§ **Task instructions**: Once the line containing "白杯大厦的照片 · 免费素材图片" is found, please copy it and all lines after it through the end of the records, exactly, leaving out pictures.

§ **Data records**:
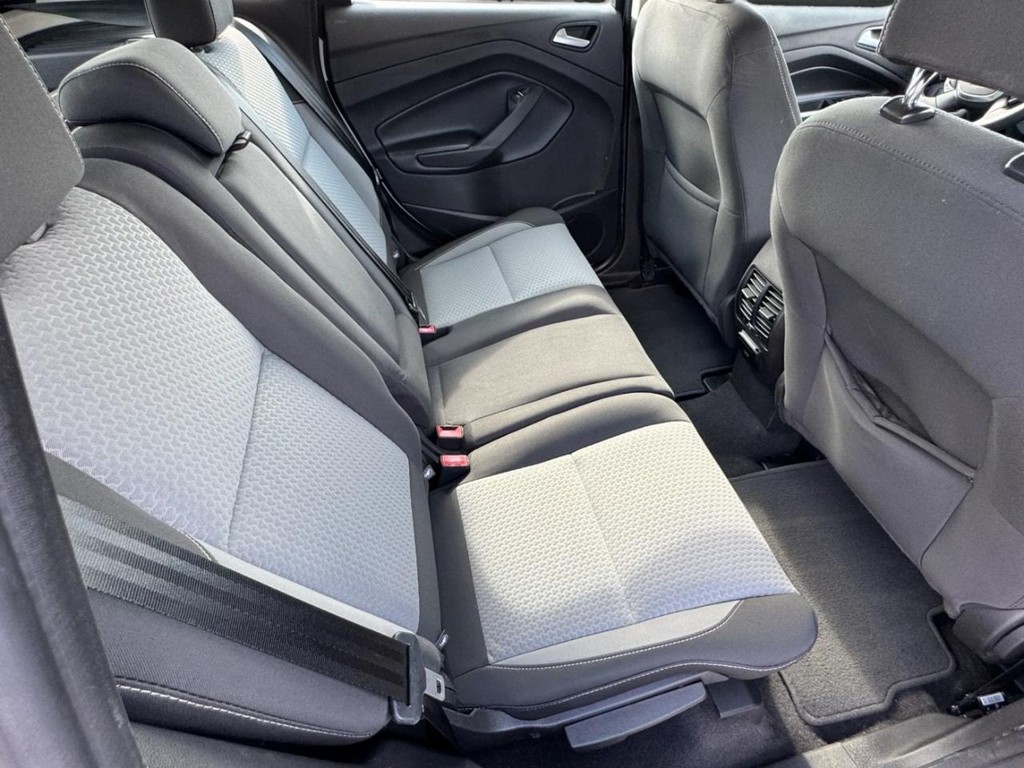 Ford C-Max Hybrid Vehicle Full-screen Gallery Image 04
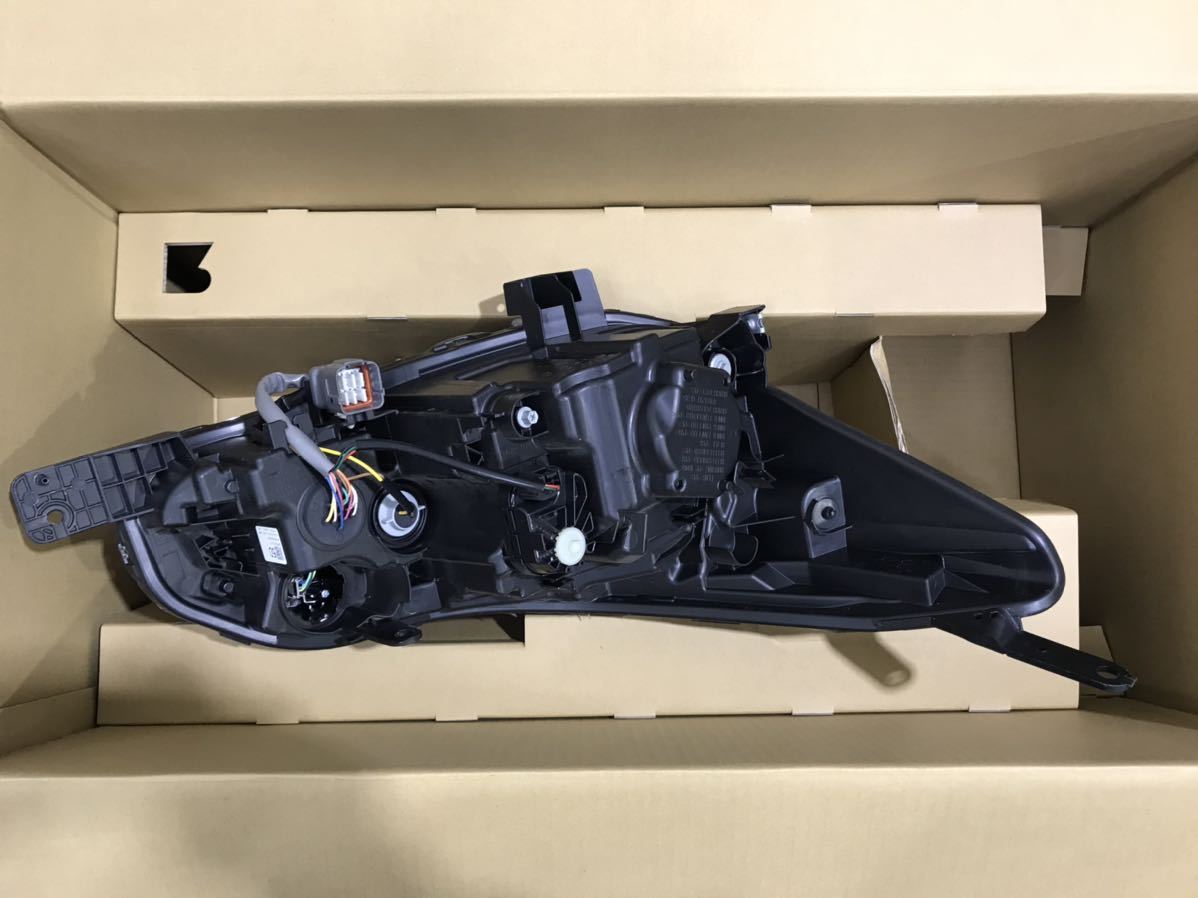 スバル GT GK インプレッサ 純正 LED 右ヘッドライトユニット ICHIKOH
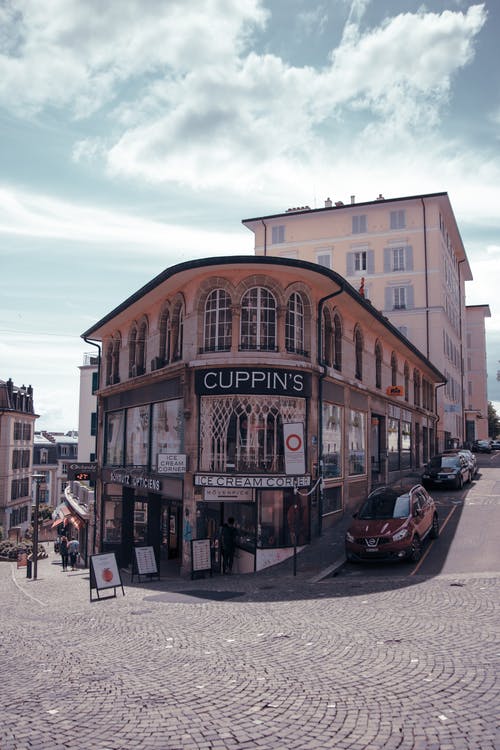 白杯大厦的照片 · 免费素材图片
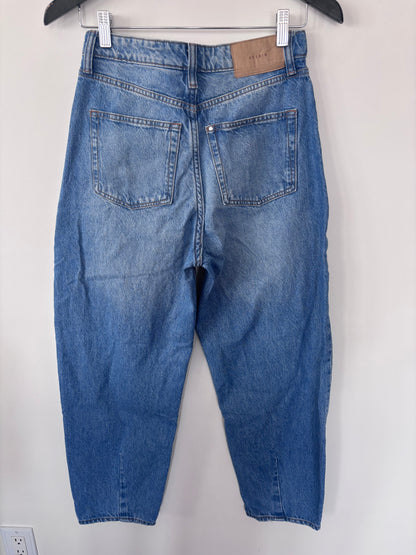 H&M Barrel High Rise Ankle Jeans | Sz 2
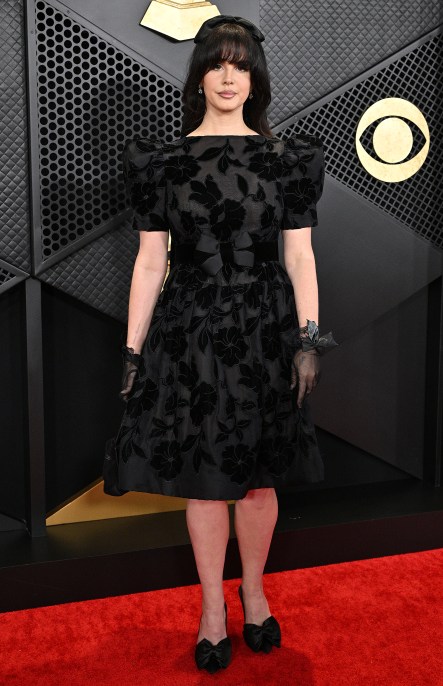 Lana Del Rey sul red carpet dei "Grammy Awards 2024"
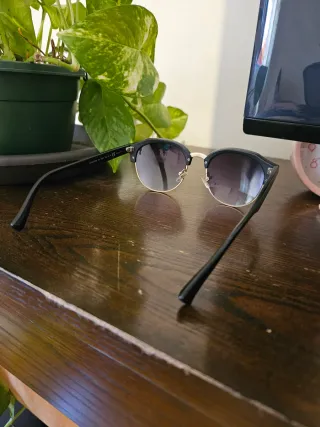 Gafas Hawkers Negro y Dorado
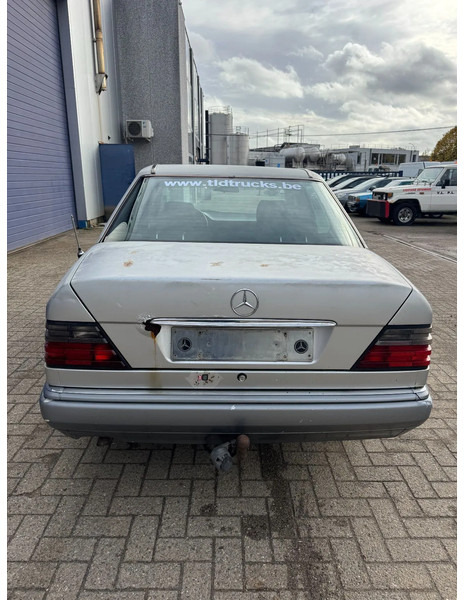 Mercedes-Benz 200-serie **W124-BELGIAN CAR** - Sedan: afbeelding 5 Mercedes-Benz 200-serie **W124-BELGIAN CAR** - Sedan: afbeelding 5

§ **Solution**:
 白杯大厦的照片 · 免费素材图片
 H&M Barrel High Rise Ankle Jeans | Sz 2
 Lana Del Rey sul red carpet dei "Grammy Awards 2024"
 Gafas Hawkers Negro y Dorado
 Mercedes-Benz 200-serie **W124-BELGIAN CAR** - Sedan: afbeelding 5 Mercedes-Benz 200-serie **W124-BELGIAN CAR** - Sedan: afbeelding 5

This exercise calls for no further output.